House Call” by Andrew Bomback
“Known Killers” by David Wade
“11. And I’ve Been Searching Ceaselessly For You Ever Since, Mon Amor” by Beth Ann Fennelly
“Useless Bay” by Blair Braverman
“If” by Jenny Patton
“Eternal Sunshine” by Tom McMillan
“Campfire” by Donna D. Vitucci
“Cannibal” by Rachel Lyon
“The Temporary Job” by Hannah Gerson
“Hungry Daughters of Starving Mothers” by Alyssa Wong

The Secret Place by Tana French. I hung onto this book like the last truffle in the chocolate box–it was the only Tana French novel I hadn’t read (except for the brand new standalone), and I was saving it for a treat. It turned out to be a carrot when I was hammering my way through daily workshop assignments, and a reward for finishing the final projects for my religious studies class. I devoured it, of course, but it surprised me how differently French’s prose hit me when I was on a daily diet of literary essay and memoir. Like taking a sip of wine after eating gelato–the wine is a little rougher, more acrid when your tongue is coated with sweet cream. And with teenage girls at the center of this mystery, there are a few sour notes early on–moments that seemed contemptuous of youth culture–and I can’t say that all of the flat characters got fleshed out with French’s characteristic attention to detail. Nonetheless, I got what I came for. In spades: there were eight witnesses and all of the questioning took place in the course of one day, so it was absolutely jam-packed with tightly paced mind games and character studies of interrogation.
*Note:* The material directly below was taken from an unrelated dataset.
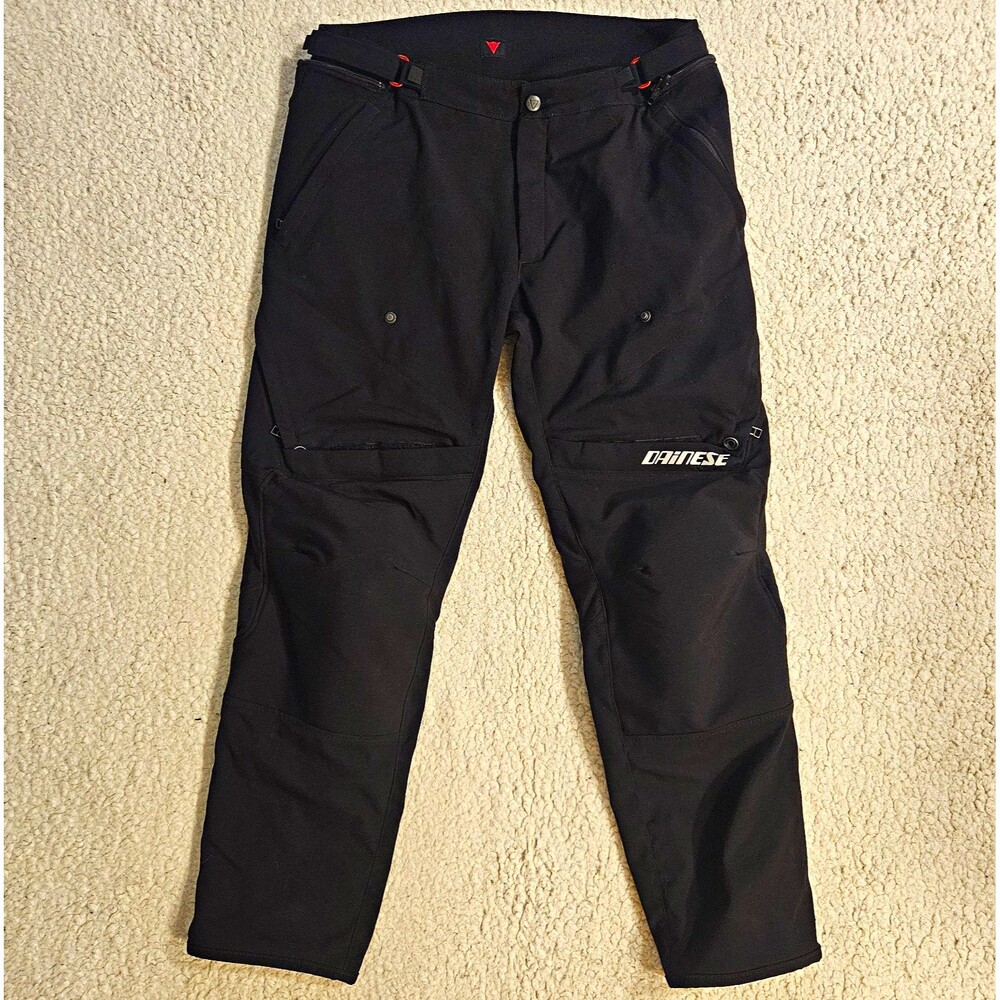 Dainese New Drake Air S/T Textile Pants Motorcycle EU 26 US L 36x30 Armor Ready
Then I picked up Faithful Place by Tana French and re-read it, because I wanted to stay in that universe a little while longer, where people are clever and talk fast and can read a face like a book. Then I picked up The Likeness and re-read that. Then I redownloaded In the Woods and re-read that. Rereading mysteries is such a specific pleasure: knowing who the killer is from page one, seeing the clues so carefully planted, seeing the narrator seeing them and not fully understanding. And with the tension of the psychological mystery almost gone–almost because I couldn’t remember all the details, so there were still some surprises for me–I could pay more attention to the other themes that someone what eluded me on a first read. The economic struggle and housing issues that frame each location for murder are no mystery, but on my first read I didn’t fully grasp the loneliness that pervades each book. The Likeness especially–I’d found the inhabitants of Whitethorn House odd and not particularly appealing, but now that it’s been a year since I’ve piled into a car with my faves and made each other weep with laughter, I understand Cassie’s yearning to belong to a group.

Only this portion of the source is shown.